Es w¨re toll wenn mir jemand helfen könnte. Liebe Grüsse aus Berlin


----------



## Ann (24. September 2013)

cube ist mit sicherheit schwerer als isla und co. lies dich einfach mal durch, leicht und gut fallen immer wieder isla (kommt man aber nur sehr schwer dran), kania, frog, supurb, woom. nachteil für die meisten (außer evtl. kania) wirst du keinen händler finden, wo ihr testen könnt. 

die frage ist halt auch, was willst du ausgeben? willst du selbst noch dran schrauben?


----------



## MTB-News.de




----------



## Floh (24. September 2013)

Im Moment ist Woom in meinen Augen ziemlich weit vorn was Gewicht vs. Preis angeht. Isla ist nicht zu bekommen oder nur zu Mondpreisen, und ein Cube ist zwar eine schöne Basis zum Tunen aber man muss auch Einiges tun.
Schau mal in den Woom Thread. 15 Euro Versand aus Österreich ist verschmerzbar und ich denke Du wirst trotzdem guten Service bekommen so wie sie hier Präsenz zeigen.

Kania wäre noch eine Alternative aber MJ 2013 ist ausverkauft. Weiß ja nicht zu wann Du das Rad brauchst. Ich brauchte eins im Oktober (Deadline naht) und deswegen baue ich jetzt selbst auf.
Ist aber unter 700 Euro nicht zu realisieren.
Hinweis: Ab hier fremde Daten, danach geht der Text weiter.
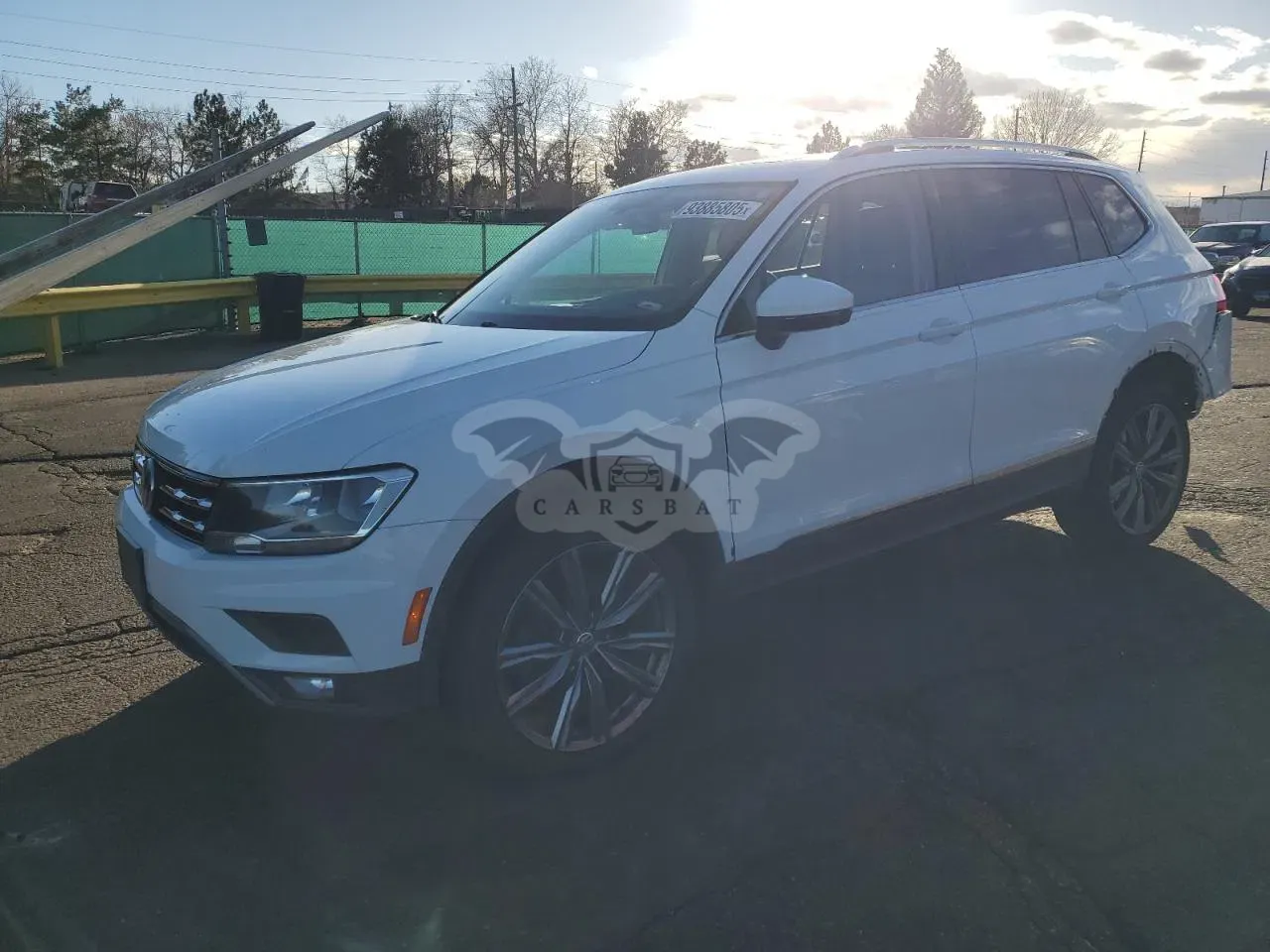 Volkswagen Tiguan SE 2.0L 4 2018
Was für Cube gilt gilt im Prinzip auch für die an sich schon guten Specialized Hotrock oder das Cannondale oder das Orbea. Ordentliche Basis, meistens sind Gabel und Kurbeln sackschwer. 20 Zoll Gabeln sind im Moment die Achillesferse des Selbstbaus.


----------



## lusamy (24. September 2013)

Vielen Dank für deine Antwort, da es sein Weihnachstgeschenk ist und er sowieso nur am Fahrradfahren interressiert ist , kommt es auf den Preis nicht so an (Spielekonsolen und Spiele sind auch teuer) Dran rumschrauben will ich auf keinen Fall (linke Hände und mein mann noch schlimmer ) Ich möchte gute Qualitât und ein Teil das wirklich alles mimacht. Berge (in den Alpen) und Skatepark (in Berlin).


----------



## Y_G (24. September 2013)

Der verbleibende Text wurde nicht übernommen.